* Aim of the exercise *
Take the lines in the listing below from the line with "Dirndl genç kız bir fuar binmek" up to and including the line with "Poland plans to" and set them down exactly, skipping pictures and adding nothing.

* The data *
__________________________________________________
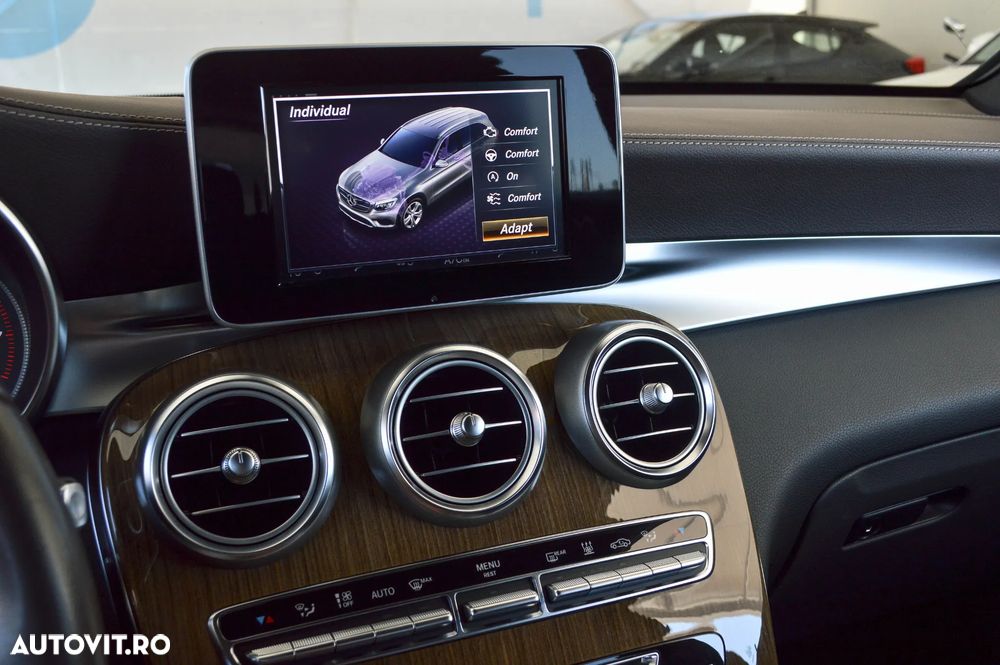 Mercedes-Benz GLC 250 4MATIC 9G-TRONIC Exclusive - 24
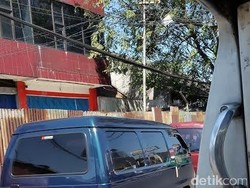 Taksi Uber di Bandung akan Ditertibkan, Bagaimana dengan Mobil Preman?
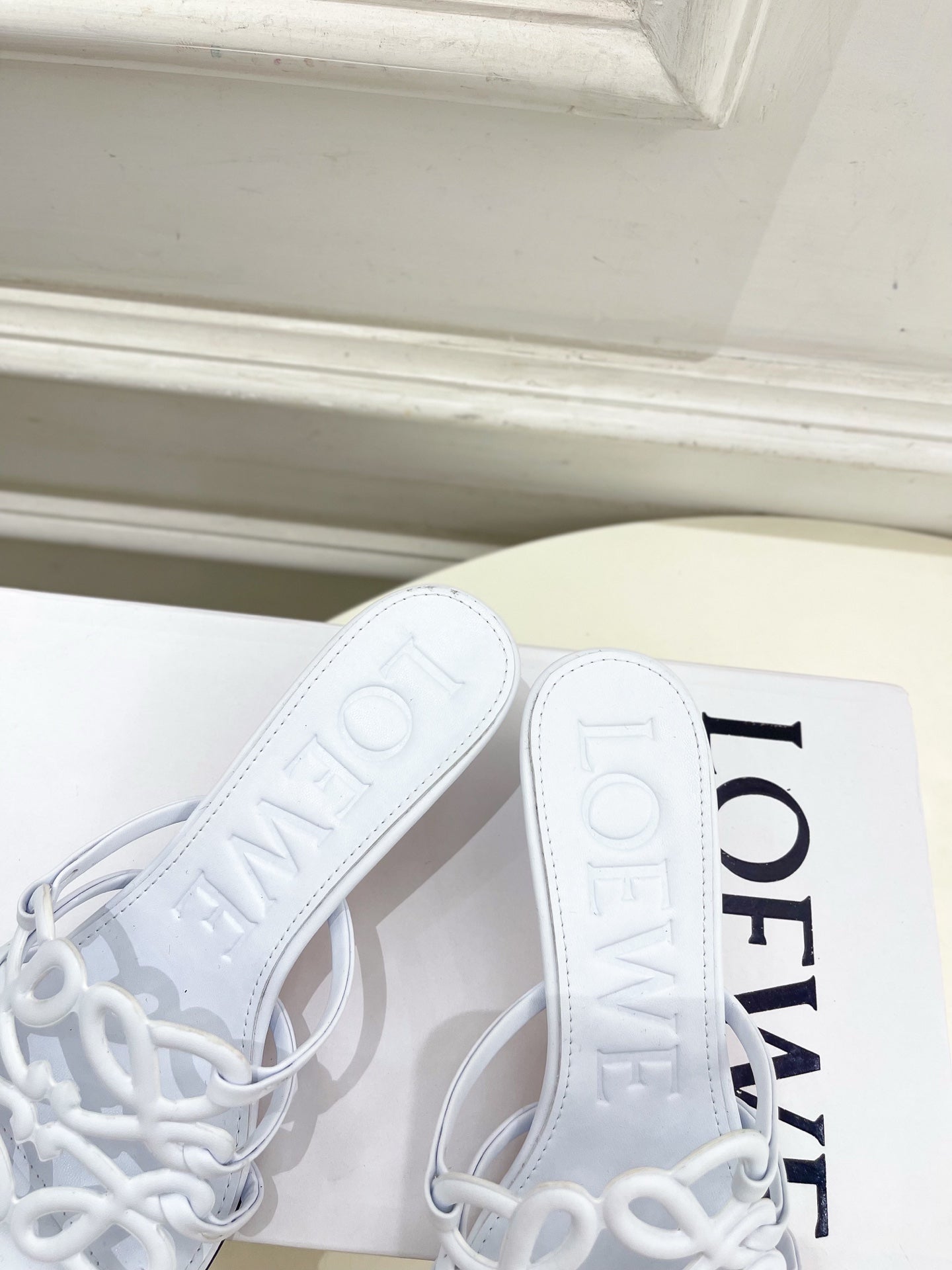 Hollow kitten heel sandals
__________________________________________________
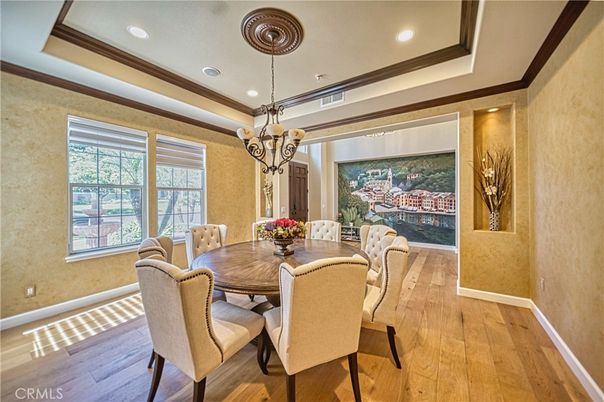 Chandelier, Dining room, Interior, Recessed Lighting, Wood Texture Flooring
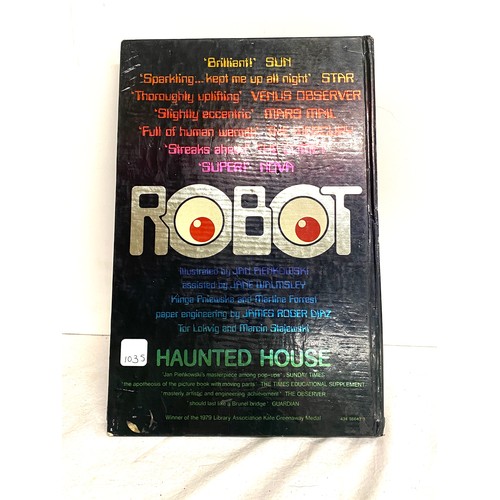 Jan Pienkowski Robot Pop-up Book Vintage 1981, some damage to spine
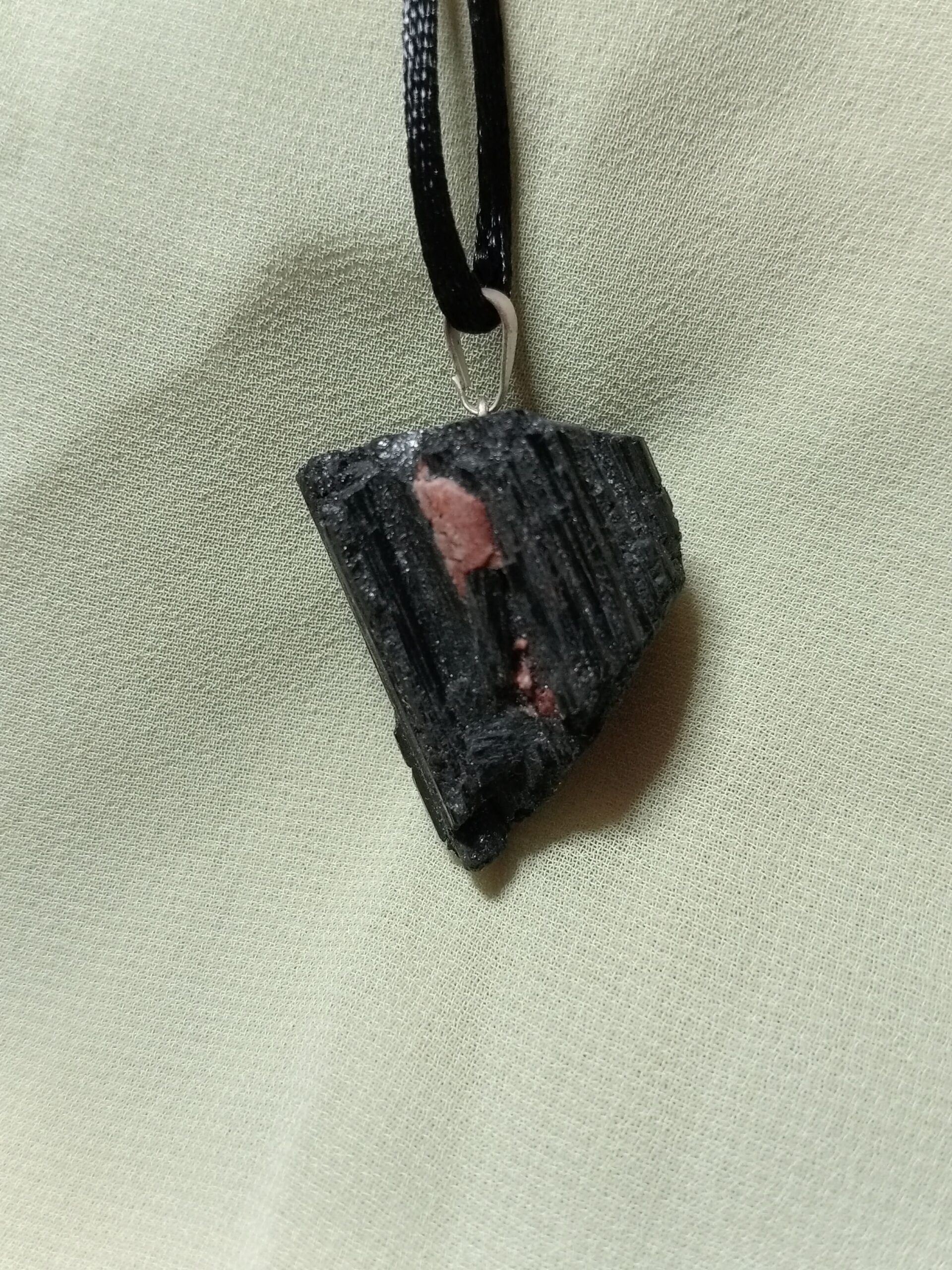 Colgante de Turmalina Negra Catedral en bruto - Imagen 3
__________________________________________________
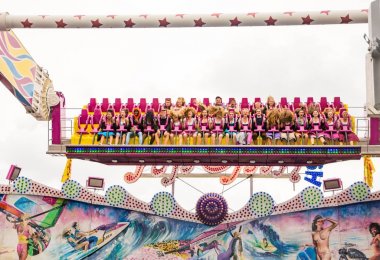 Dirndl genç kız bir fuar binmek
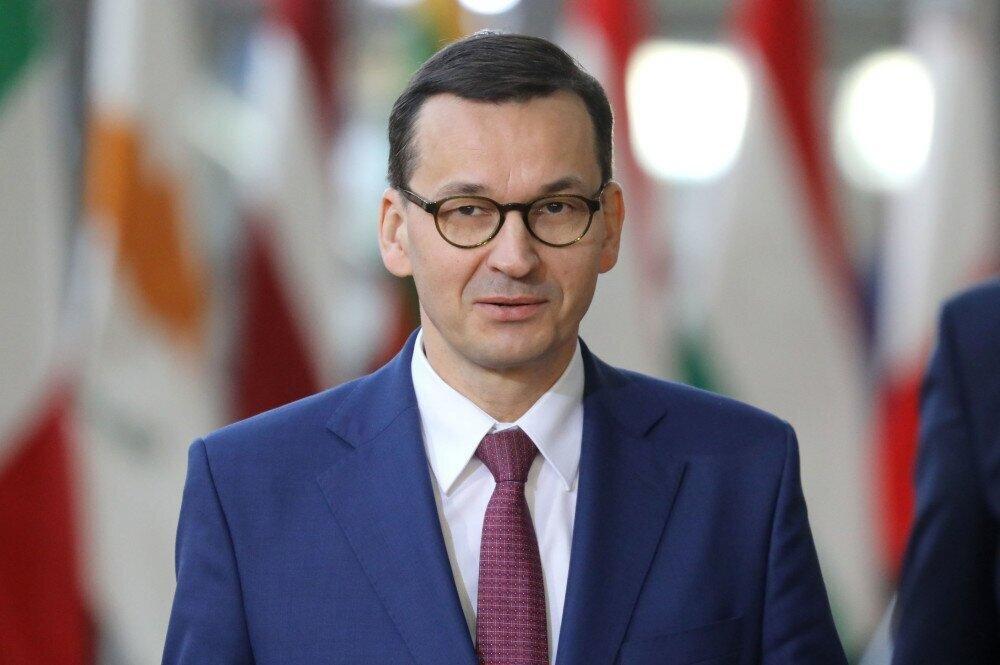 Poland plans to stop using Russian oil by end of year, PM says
__________________________________________________
* Completed task *
 Dirndl genç kız bir fuar binmek
 Poland plans to stop using Russian oil by end of year, PM says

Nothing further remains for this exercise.